## EXERCISE DETAILS
Copy out precisely the lines of the material that follows, beginning with the line containing "2023 Toyota Highlander" and ending with its last line; exclude pictures.

(ENTRIES PROVIDED begins)

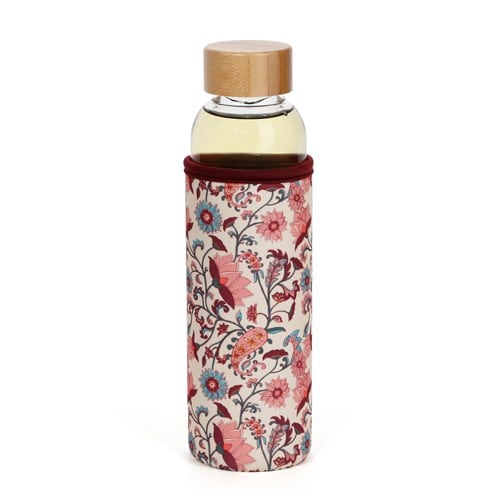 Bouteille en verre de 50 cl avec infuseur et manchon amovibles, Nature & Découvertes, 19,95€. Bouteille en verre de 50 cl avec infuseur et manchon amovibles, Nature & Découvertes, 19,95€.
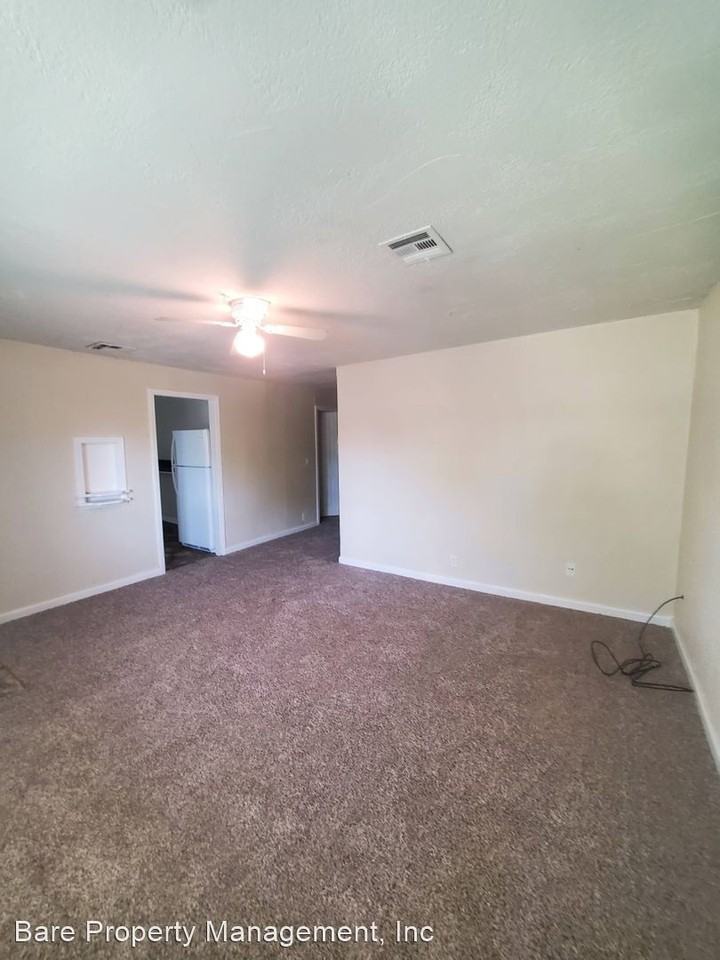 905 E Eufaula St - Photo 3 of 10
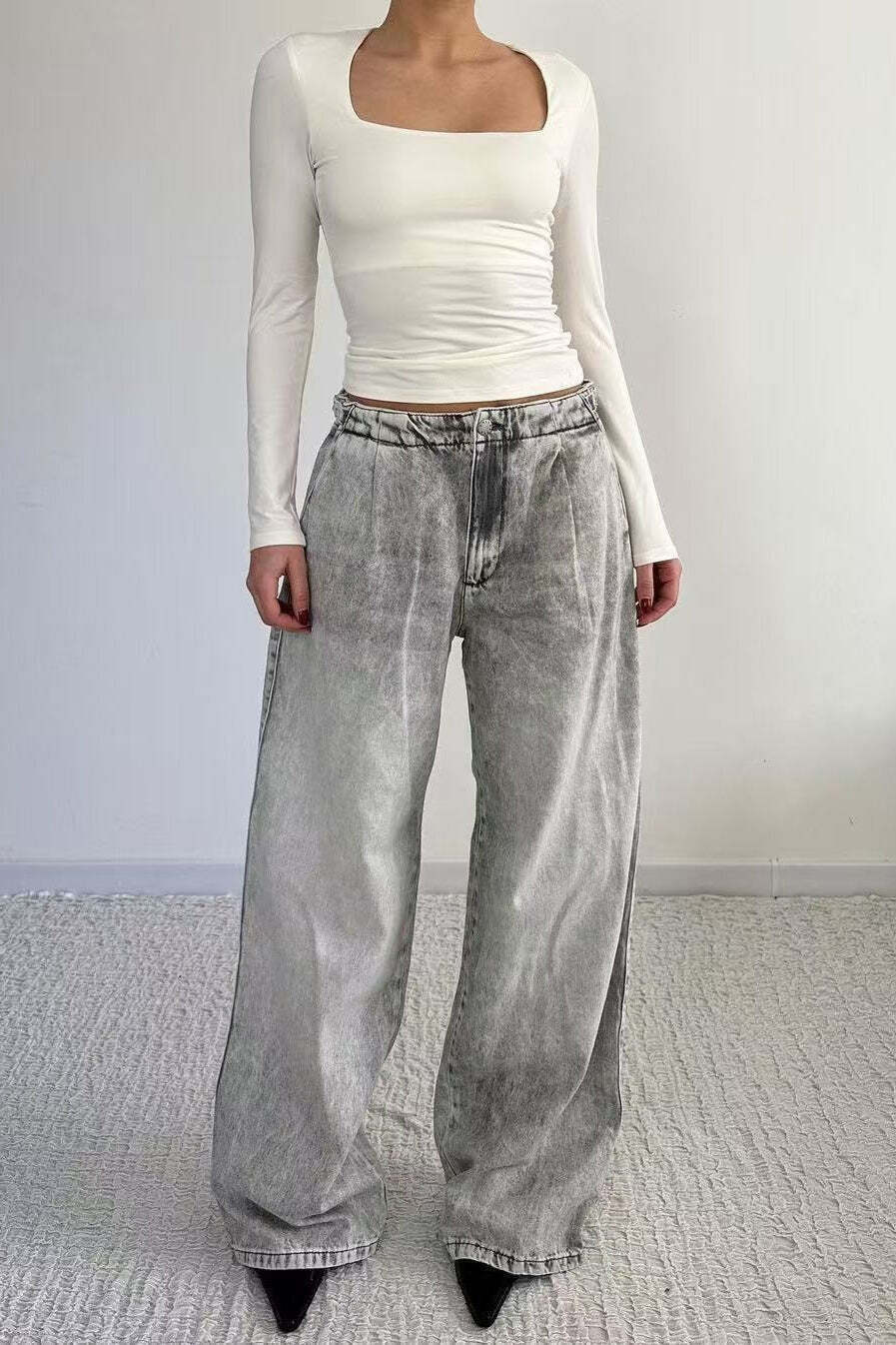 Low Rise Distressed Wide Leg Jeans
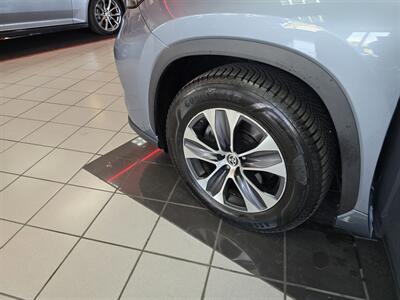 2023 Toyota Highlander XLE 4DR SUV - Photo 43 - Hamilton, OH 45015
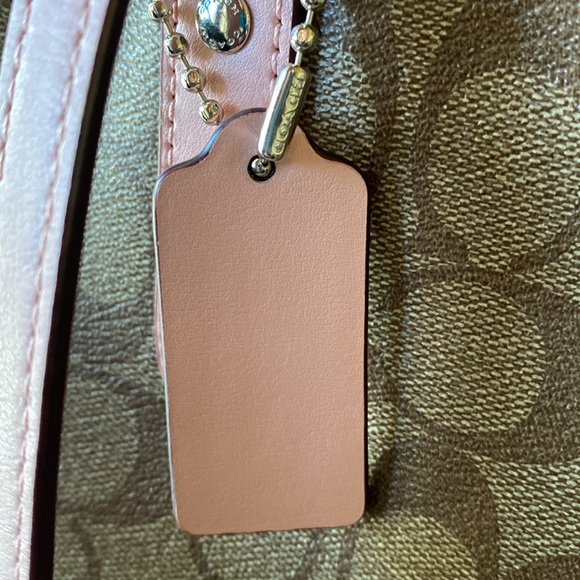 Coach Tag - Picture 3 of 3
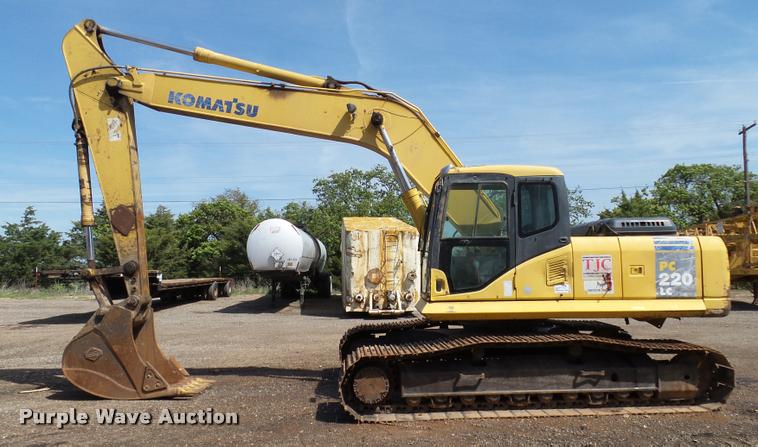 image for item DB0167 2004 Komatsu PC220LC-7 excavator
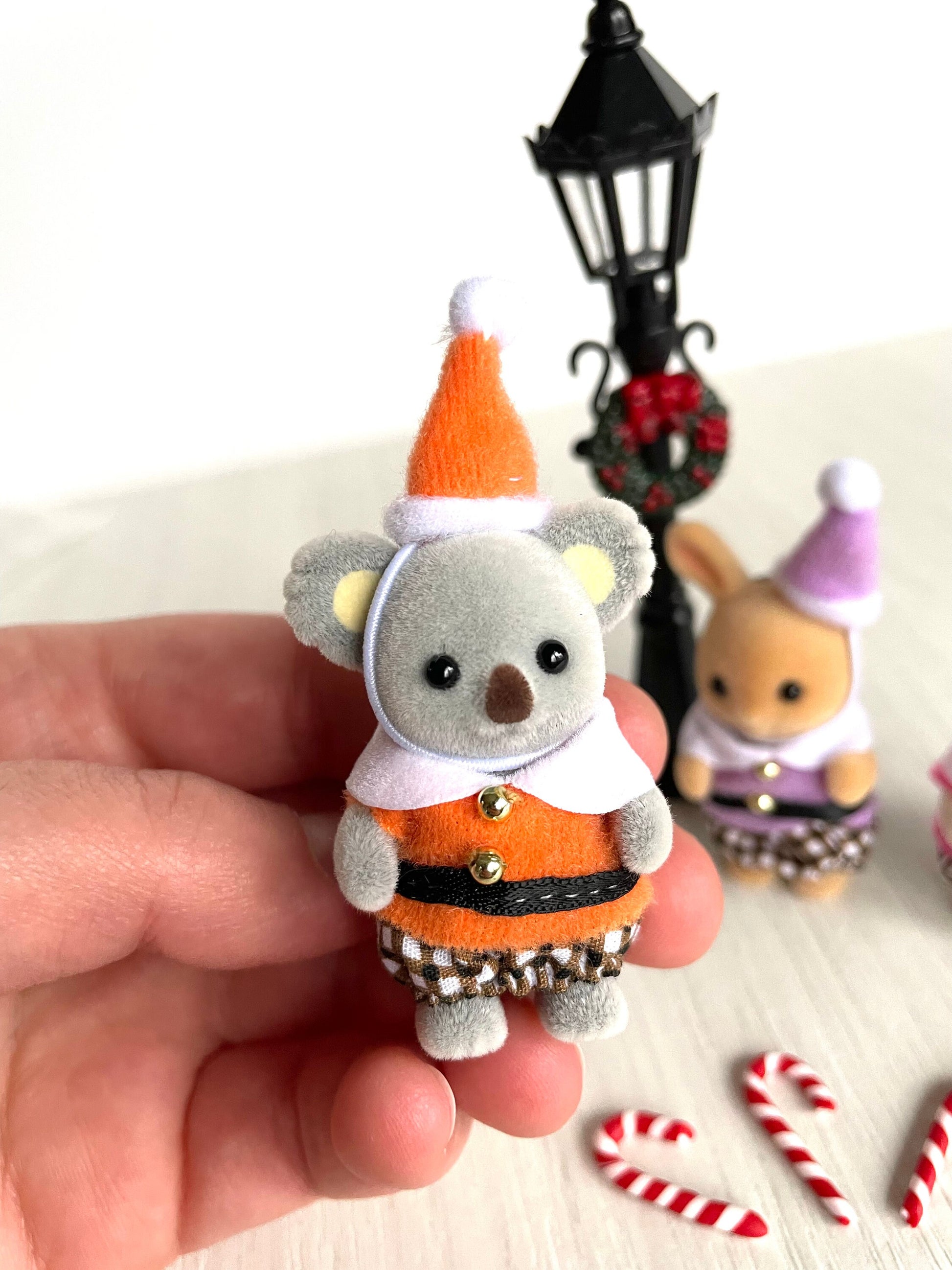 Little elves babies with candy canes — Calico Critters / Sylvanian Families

(ENTRIES PROVIDED ends)

## SOLUTION TO THIS TASK
 2023 Toyota Highlander XLE 4DR SUV - Photo 43 - Hamilton, OH 45015
 Coach Tag - Picture 3 of 3
 image for item DB0167 2004 Komatsu PC220LC-7 excavator
 Little elves babies with candy canes — Calico Critters / Sylvanian Families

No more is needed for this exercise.